*** DATASET EXTRACT Section Begins ***

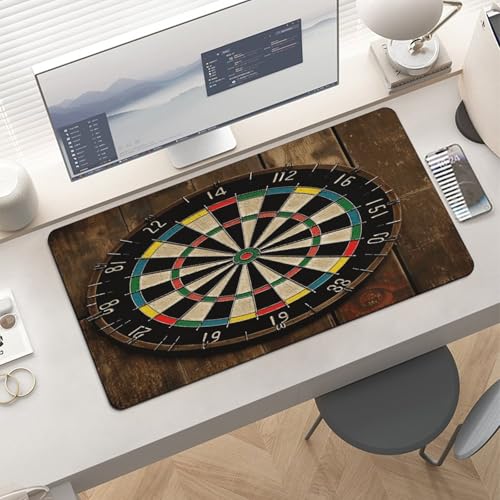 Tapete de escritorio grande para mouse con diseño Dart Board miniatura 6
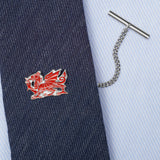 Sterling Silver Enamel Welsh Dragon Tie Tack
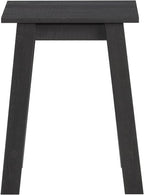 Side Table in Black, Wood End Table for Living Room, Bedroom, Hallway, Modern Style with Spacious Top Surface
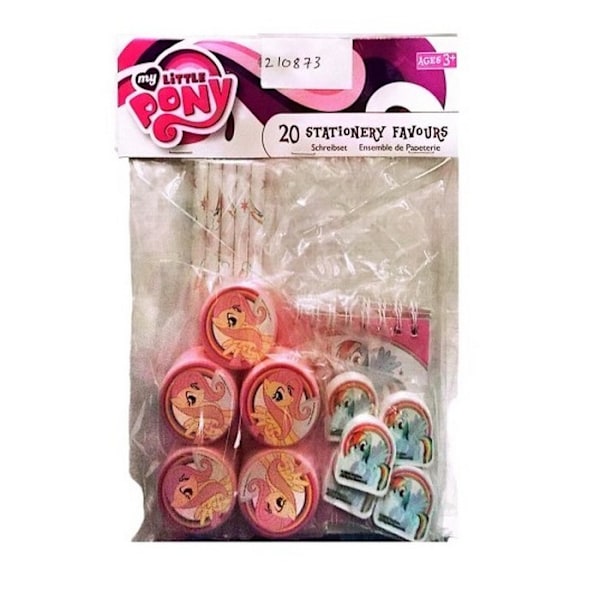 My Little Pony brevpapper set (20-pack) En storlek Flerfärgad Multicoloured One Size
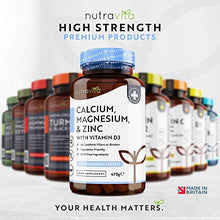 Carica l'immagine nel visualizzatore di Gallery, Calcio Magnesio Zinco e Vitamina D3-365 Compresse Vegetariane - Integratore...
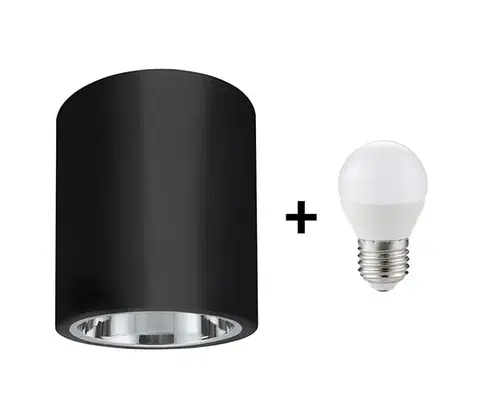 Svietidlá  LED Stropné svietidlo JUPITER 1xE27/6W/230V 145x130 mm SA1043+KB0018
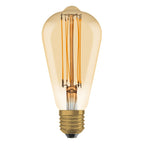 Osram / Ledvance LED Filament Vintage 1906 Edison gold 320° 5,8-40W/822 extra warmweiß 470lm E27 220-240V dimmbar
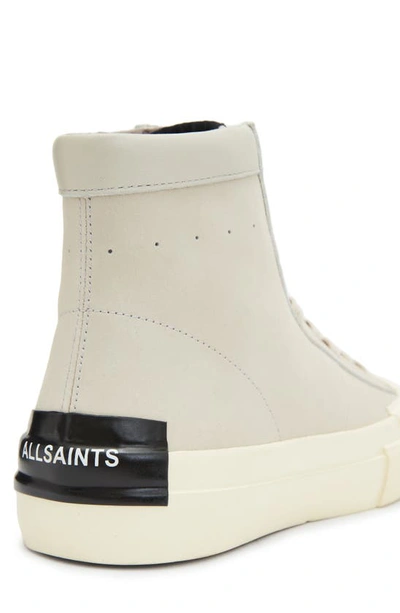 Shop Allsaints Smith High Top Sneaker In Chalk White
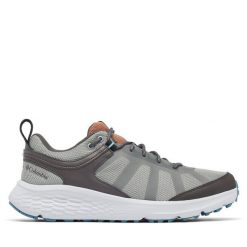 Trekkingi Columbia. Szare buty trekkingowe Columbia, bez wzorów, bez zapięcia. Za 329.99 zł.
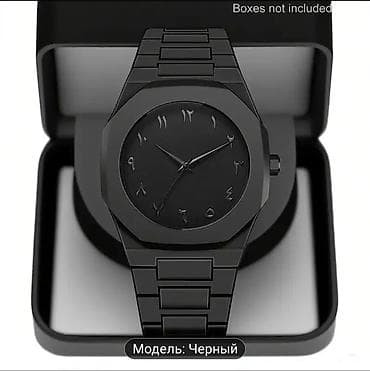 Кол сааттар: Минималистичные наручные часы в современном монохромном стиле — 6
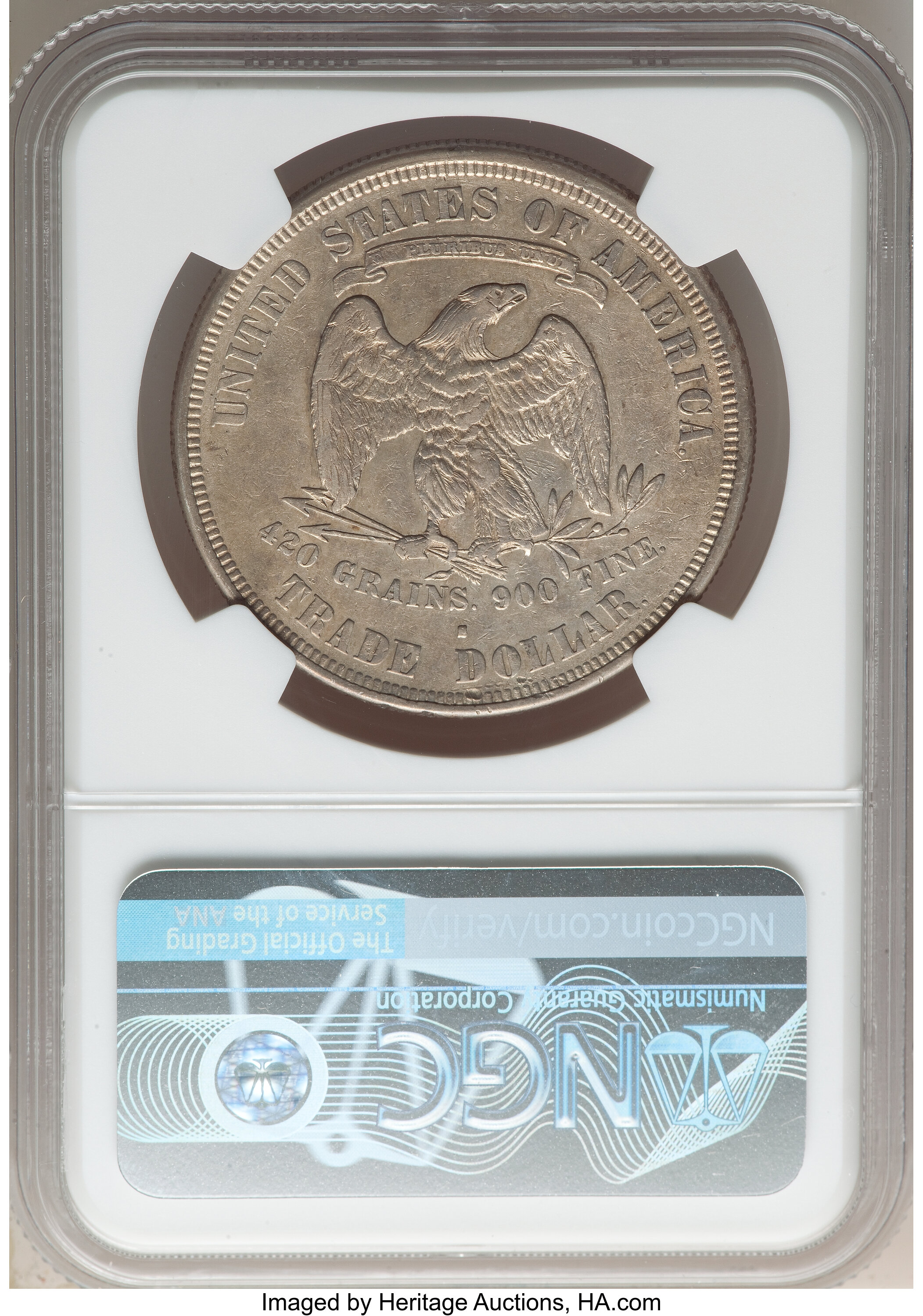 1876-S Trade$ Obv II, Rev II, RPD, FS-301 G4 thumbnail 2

*** DATASET EXTRACT Section Ends ***

(ACTION ITEM) An exact copy of all the records is required, with the pictures omitted.

(EXERCISE SOLUTION)
 Tapete de escritorio grande para mouse con diseño Dart Board miniatura 6
 Sterling Silver Enamel Welsh Dragon Tie Tack
 Side Table in Black, Wood End Table for Living Room, Bedroom, Hallway, Modern Style with Spacious Top Surface
 My Little Pony brevpapper set (20-pack) En storlek Flerfärgad Multicoloured One Size
 Carica l'immagine nel visualizzatore di Gallery, Calcio Magnesio Zinco e Vitamina D3-365 Compresse Vegetariane - Integratore...
 Svietidlá  LED Stropné svietidlo JUPITER 1xE27/6W/230V 145x130 mm SA1043+KB0018
 Osram / Ledvance LED Filament Vintage 1906 Edison gold 320° 5,8-40W/822 extra warmweiß 470lm E27 220-240V dimmbar
 Shop Allsaints Smith High Top Sneaker In Chalk White
 Trekkingi Columbia. Szare buty trekkingowe Columbia, bez wzorów, bez zapięcia. Za 329.99 zł.
 Кол сааттар: Минималистичные наручные часы в современном монохромном стиле — 6
 1876-S Trade$ Obv II, Rev II, RPD, FS-301 G4 thumbnail 2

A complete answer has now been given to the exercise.